Once ARM gets into server racks, the power issue may raise its head again. It Intel can't get its act together on power consumption, the lower power cost of the ARM platform, while something a consumer may not consider, will be a part of the data center's TCO.
I'd go on about this, but my ThinkPad's battery icon is winking at me and I've got to find a plug .....

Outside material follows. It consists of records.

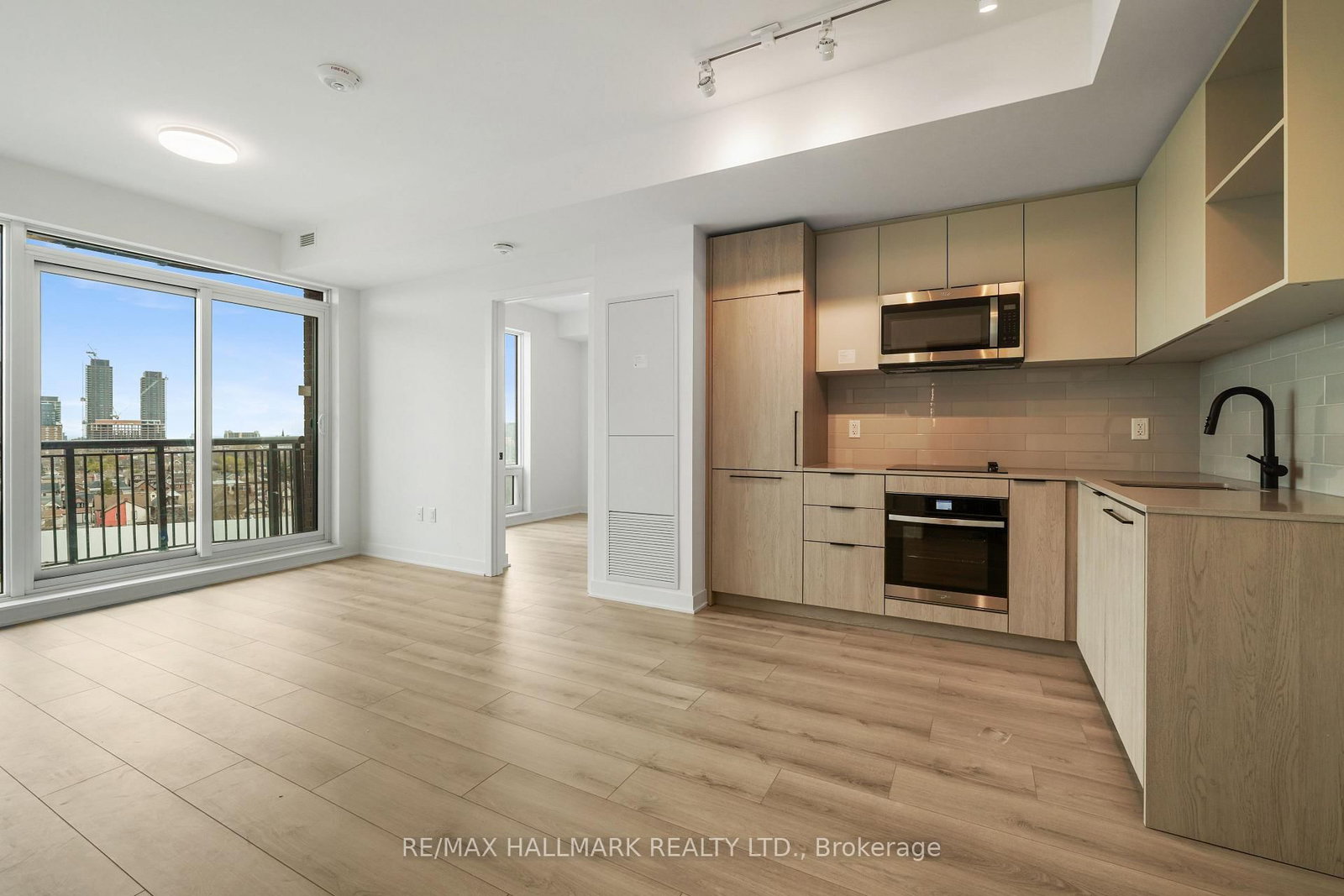 1185 Dupont Street, Unit 627 - Photo 9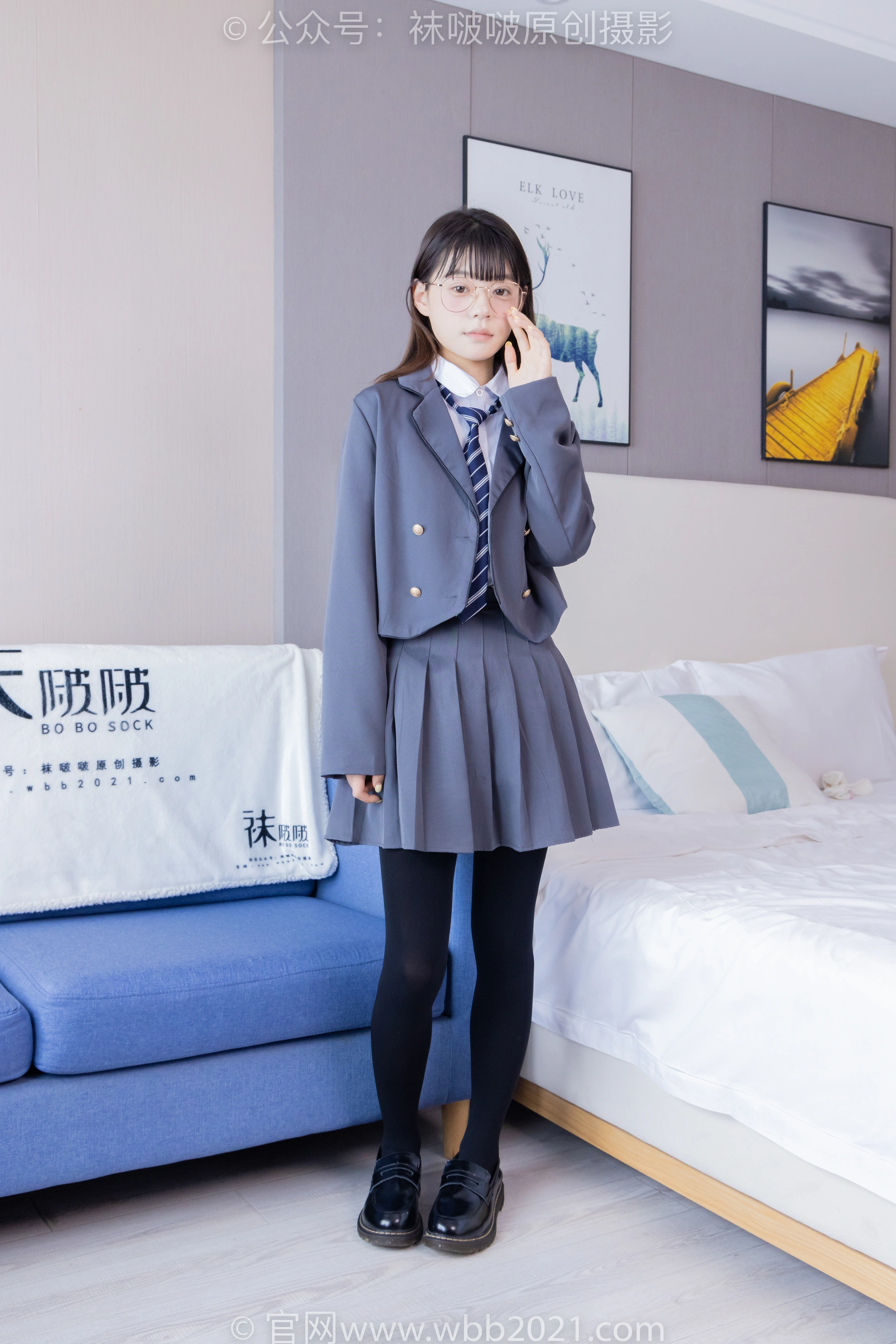 [BoBoSocks袜啵啵] NO.402 糯米-皮鞋、厚黑丝、学院jk （花絮版） 2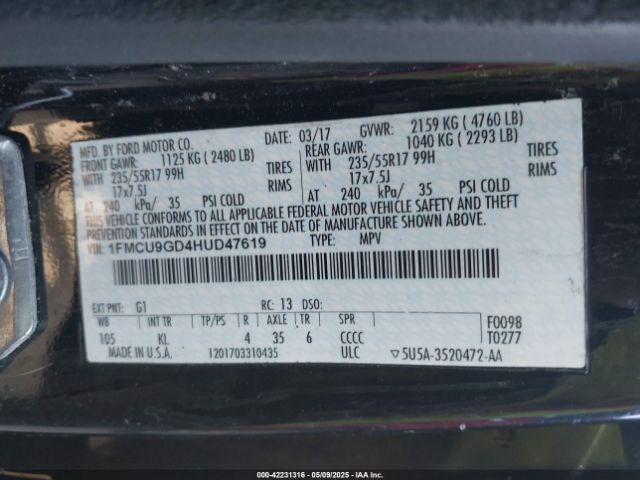 1FMCU9GD4HUD47619 Ford ESCAPE SE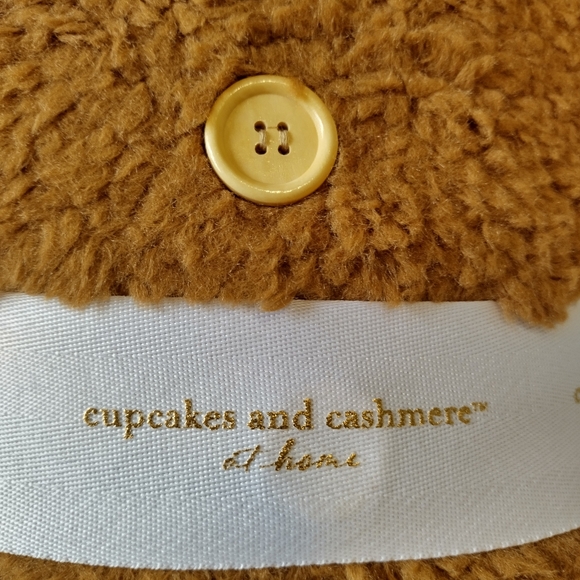 Cupcakes and Cashmere Gingerbread Boy & Girl Decor Sherpa Plush Pillow Set 2 - Picture 6 of 11
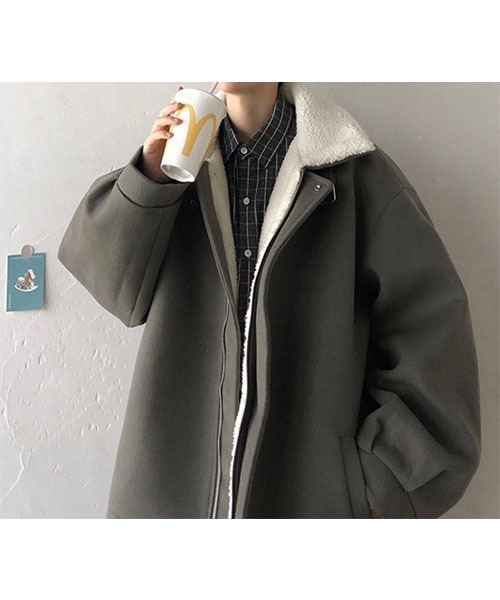 WESTBOY(ウエストボーイ)の「【WB ORIGINALS】Boa Hem-Belt Mouton Coat(ムートンコート・メンズ・ホワイト/ブラック/グレー/ブルー・M/L/XL)」の15枚目の写真
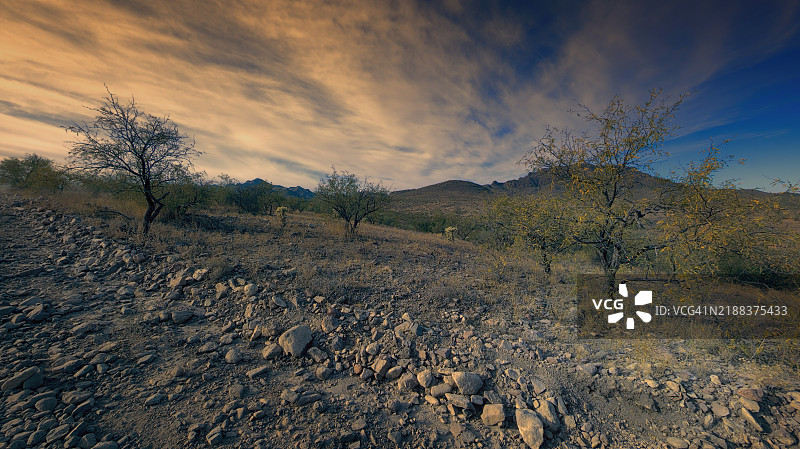 图马卡科里山脉的日落骑行图片素材
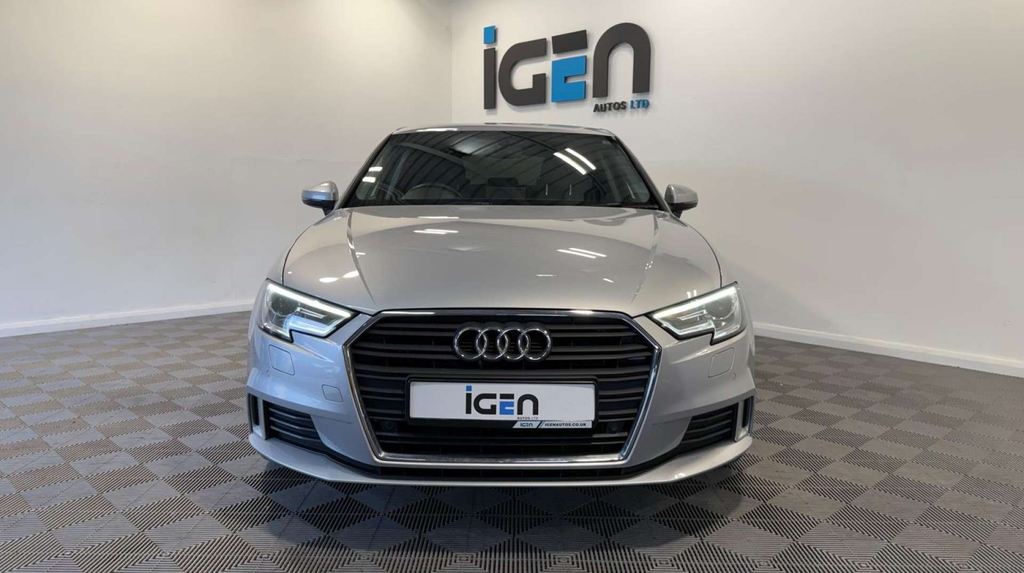 Audi A3 Sportback Tfsi Sport Silver #5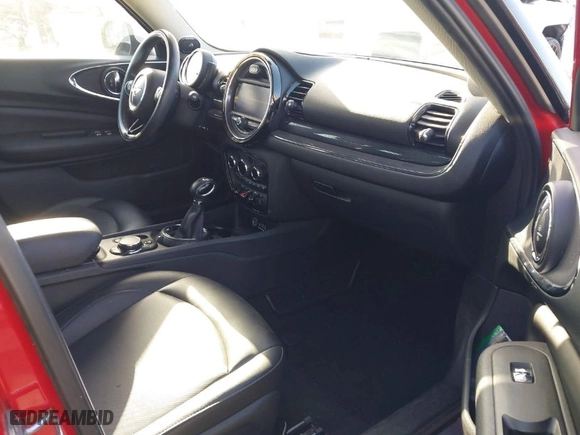 2016 MINI Cooper Clubman with VIN WMWLN5C58G2E30425, listed as a IAAI auction lot 41955202 with 100,798 mi miles. Bid and sale history available at carsss.com. Image 5.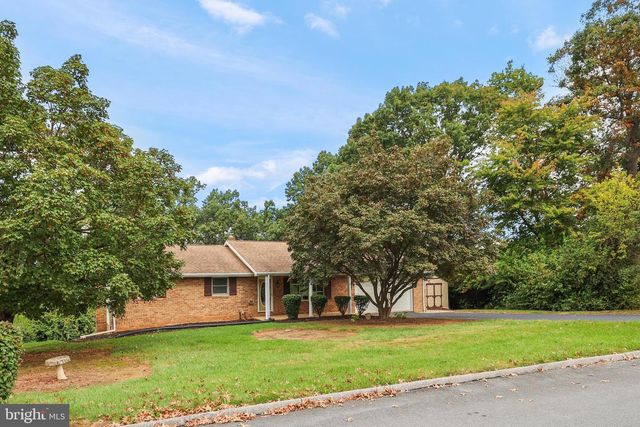 3413 HEATHER DR, York, PA 17408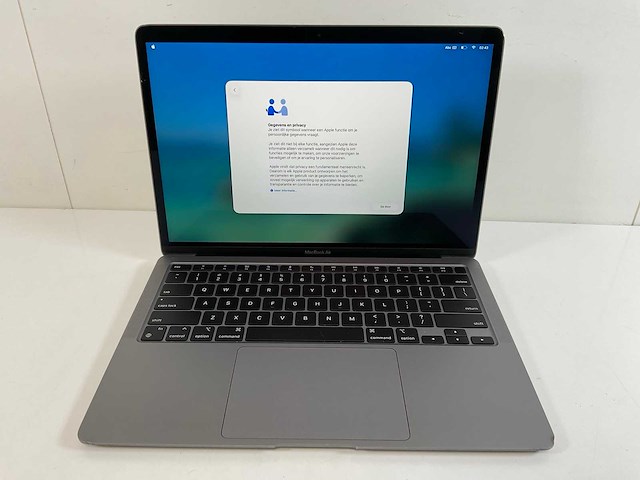 Apple macbook air 13”, apple m1, 8 gb ram, 256 gb nvme laptop - afbeelding 1 van  9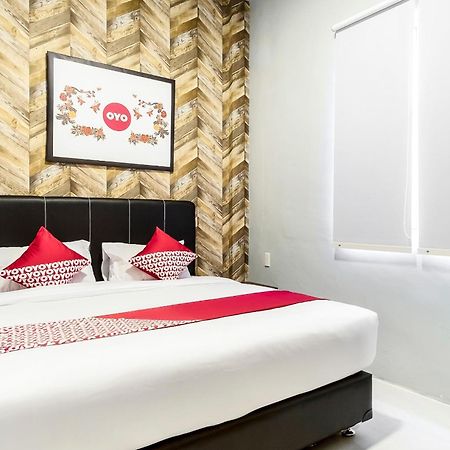 โอโย 360 มางัน เรสซิเดนซ์ Hotel เมดาน ภายนอก รูปภาพ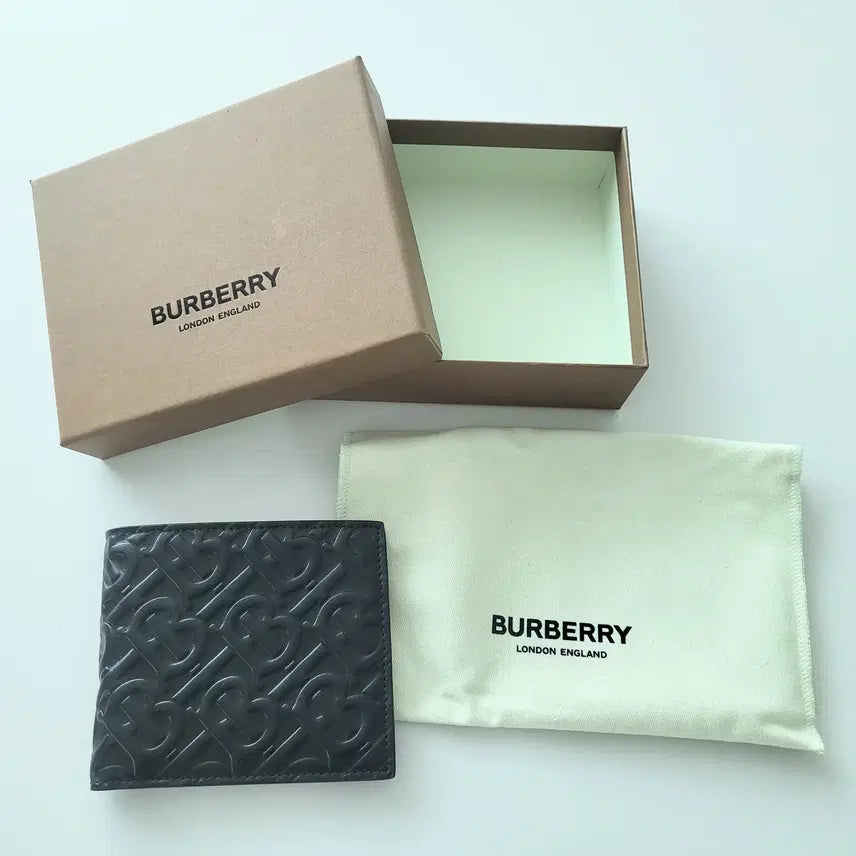 [BUNJANG] Burberry TB Monogram Logo Bifold Wallet Black / 버버리 TB 모노그램 로고 반지갑 블랙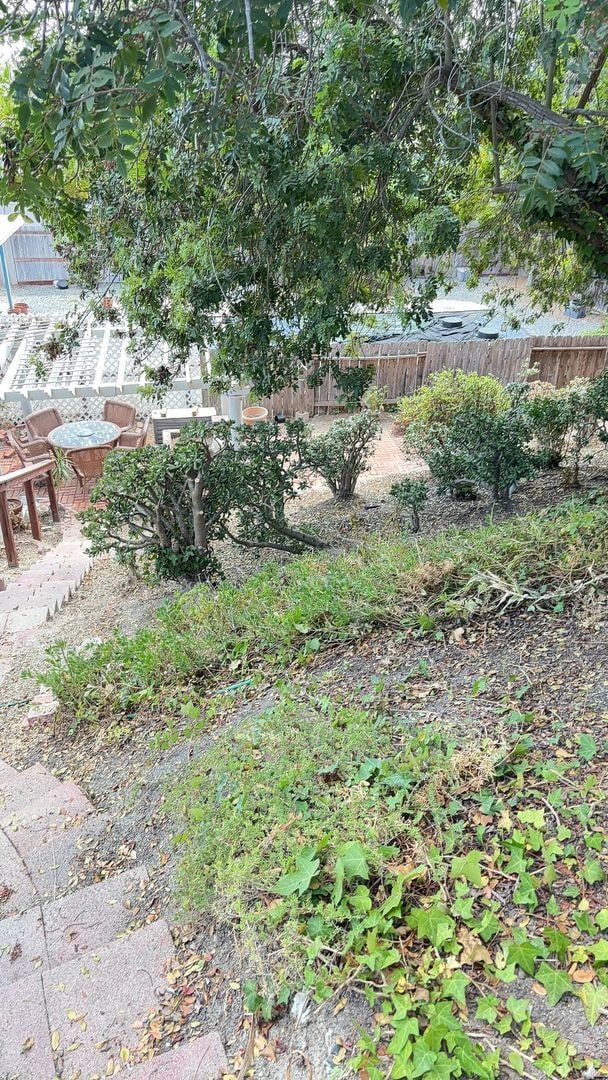 Building Photo - Spacious 2 Bedroom with Sunroom & Office 5...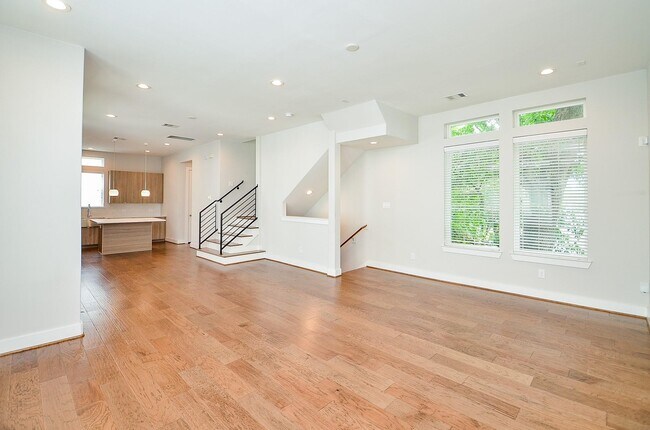 Building Photo - 5903 Val Verde St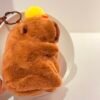 Llavero capybara pollito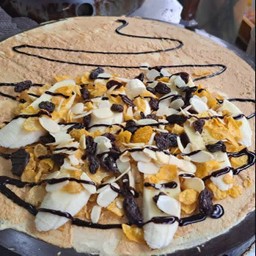 ร้านก๋วยเตี๋ยวเรืออยุธยาสูตรดั้งเดิม หน้าเซเว่นดวงกมล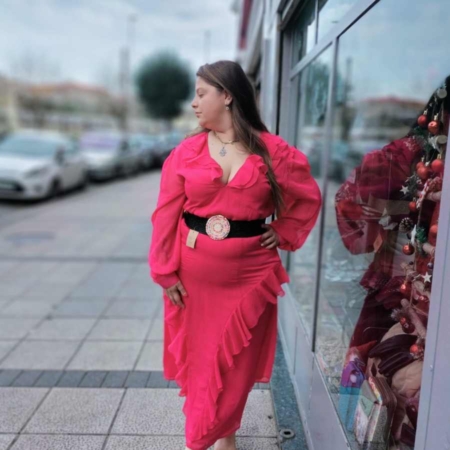 Estilo Casual Color: Rosa Detalles: Vestido Largo Rosa Love Con Volantes NO TRANSPARENTA Composición 100% poliéster Talla Única, adecuada apróx. para talla 44/46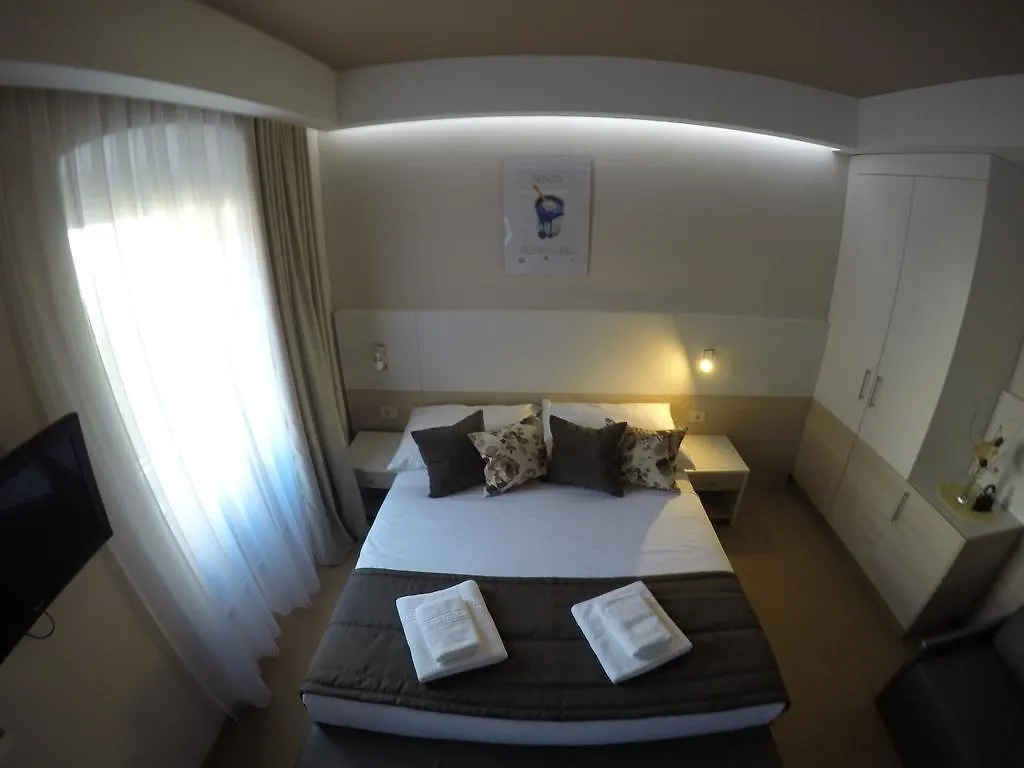 Guest House Neho Cres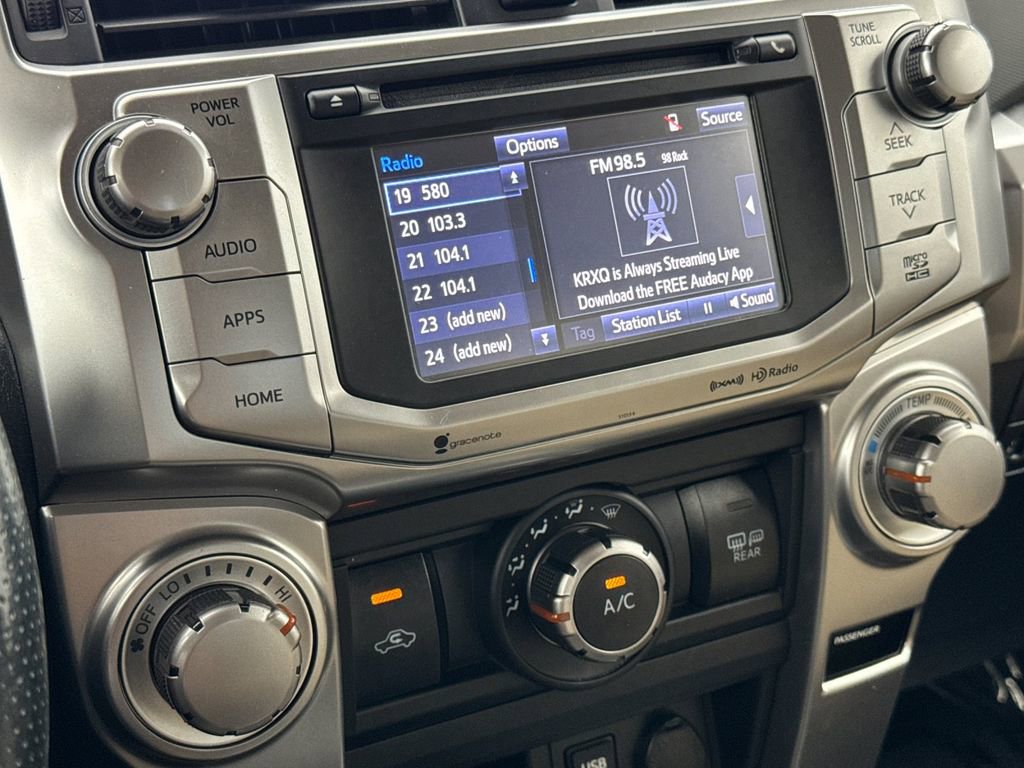 Used 2018 Toyota 4Runner SR5 AWD/4WD image 19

"When the better living conditions are full of monsters or endemic disease. Somewhere in the past, something nasty arrived to decimate panda populations."
It's possible that the 'monsters' are us. Homo sapiens. A study (summarized in a recent issue of The Economist) hypothesizes that it was the spread of humans that drove pandas into marginal ecosystems. Where the only thing left to eat was bamboo.
Ancient people and their possible taste for panda meat no longer being an issue, it now appears that pandas might be able to co-exist with us, given their mellow dispositions (as demonstrated by this incident). Many animals that we neither compete with nor consume can adapt to human presence if they become acclimated to us.
"get Dyson to sponsor"
I don't think any of the manufacturers in this particular line of business have any interest in furthering space exploration. After all, once we figure out how to package and ship vacuum down economically, they'll all be out of business.